- MongoDB 2.4 is a feature-rich document-oriented database with essential built-in Operational features like HA and sharding that are suitable for evaluation for production. It is single-master, single-record-atomic, but writes can be made to multiple shards.
- 10gen, the company behind MongoDB, has built a hard-core technical and training team, and is further addressing the needs of Operations with optimizations in the 2.6 roadmap (late 2013). See their TCO and Operations Best Practices whitepapers for more details.
- In particular, MongoDB’s 3-node replica set topology is ideal for HA deployment in the Cloud. (The main limitations are that voting takes a few seconds, and your apps will have to reconnect after a reconfiguration.) See Figure 1.
- MongoDB supports sharding with automatic shard balancing for scale-out, but 90% of installations do not need the additional performance, and sharding on top of replica sets for HA is complex to monitor and maintain – 13+ daemons (services) on as many servers – a lot of moving parts. See Figure 2.
Simple Replica Set Architecture for Automated HA
Sharded Replica Set Architecture – Lots of Moving Parts
Nice spread!
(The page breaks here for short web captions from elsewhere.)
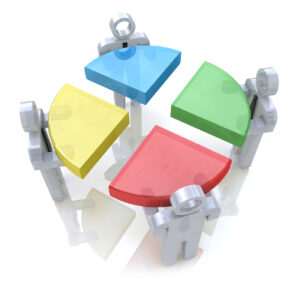Bussines chart and people. Teamwork concept. 3d render in the design of information related to teamwork
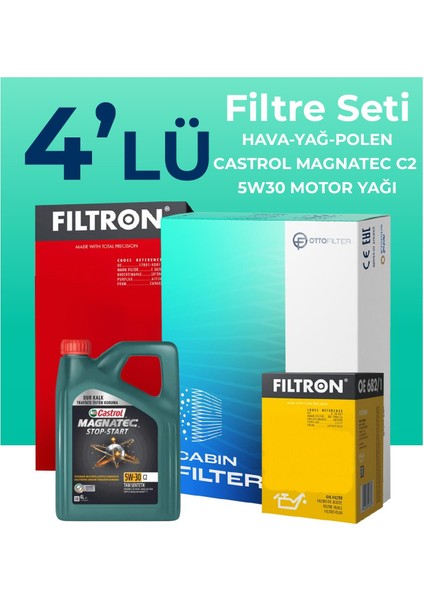 Toyota Yaris 1.4 Dizel Filtre Bakım Seti Castrol Motor Yağlı (2006-2009) 4 Lü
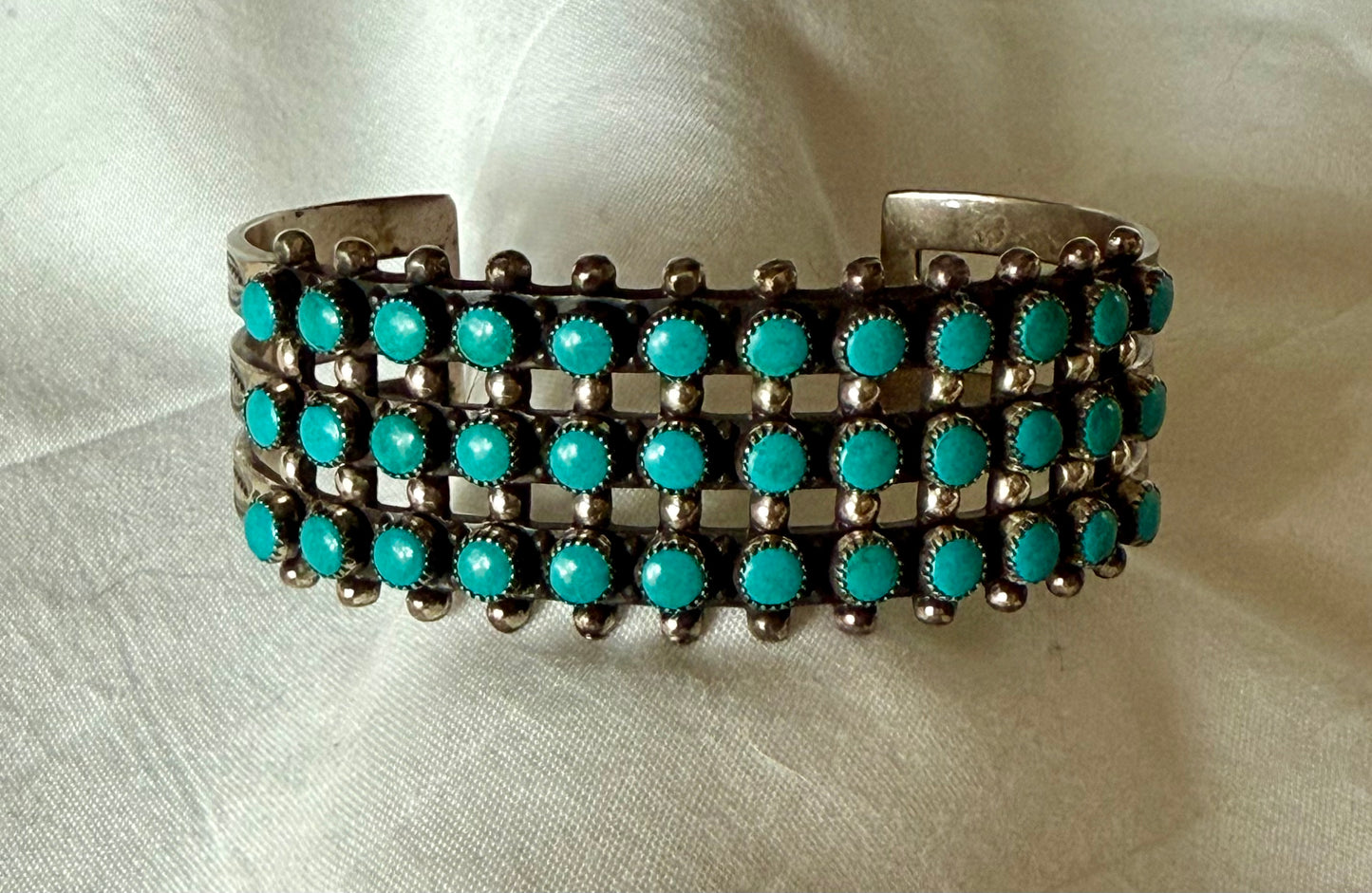 Fred Harvey Era Three Row Snake Eye Sterling Bracelet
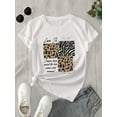thumbnail image 3 of 100% Pure Cotton Letter Print Short Sleeve Women's T-shirt, 3 of 6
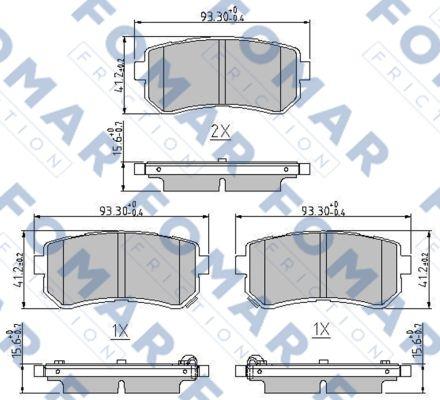 FOMAR Friction FO 244581 - Гальмівні колодки, дискові гальма autozip.com.ua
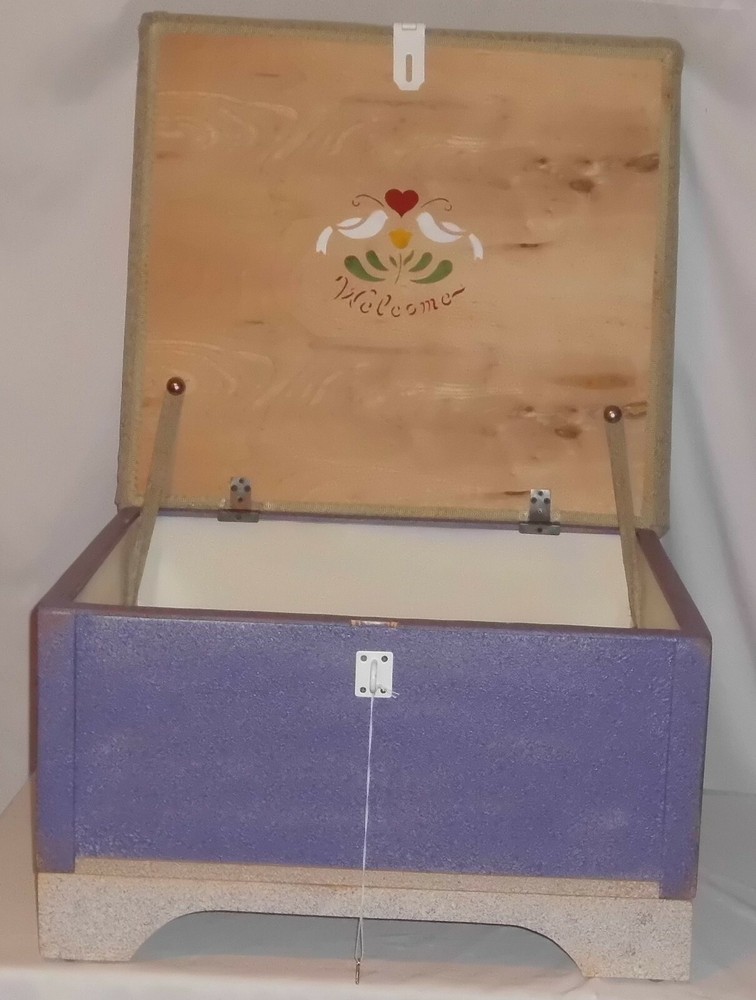 Purple Cream Ottoman/ Storage Box ( Primitive)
Chinese-style jumbo shrimp, chicken and beef broccoli with chocolate fortune and pecan cookies.
RedHat OpenShift Overview
SteveCP (Steve0) and Grant, RedHat OpenShift Evangelists
– OpenShift is a PaaS (like Heroku, Engineyard)
– everything is Open Source and in git
– uses AWS East large, selinux for access control, Linux cgroups for RAM, linux quota for disk space, to overcommit 4,000x! (maybe LXE in future, like a year)
– why AWS East? to be comparable with Heroku, etc. already in East
– 3 gears free forever (512 MB RAM, 1 GB disk)
– uses git to install apps, known as “cartridges”
– good integration with Eclipse
– automatically scalable (takes 15-20 seconds to rsync your data, depending on data size)
– OpenShift is trying to avoid Google’s “beta” pricing issues (cheap/free for beta, 3x for production)
– with 2×1 GB RAM gears, can run Tomcat in 1 gear and Solr in another!
– no root access, can write in /tmp with PAM namespaces (still ephemeral) and $OPENSHIFT_DATA_DIR (EBS, mirrored plus striped likely)
– hands-on lab: “picking up lines on your resume” (you deployed a python app in the cloud and made code modifications)
– env | grep OPENSHIFT
– mongodb sharding: can’t shard right now, OpenShift is handing off mongo cartridge maintenance to 10gen for sharding and replication
MongoDB: Operations Hands On
Asya Kamsky, Senior Solutions Architect, 10gen @asya999
Talk description: “Do you need to grow a replica set? Migrate servers to different hosts? Repair a deployment after hardware failures? If so, then this workshop is for you. Attendees will work through several model operational scenarios, covering both planned and unplanned maintenance tasks, backups and recovery processes, responding to database growth requirements, and more!”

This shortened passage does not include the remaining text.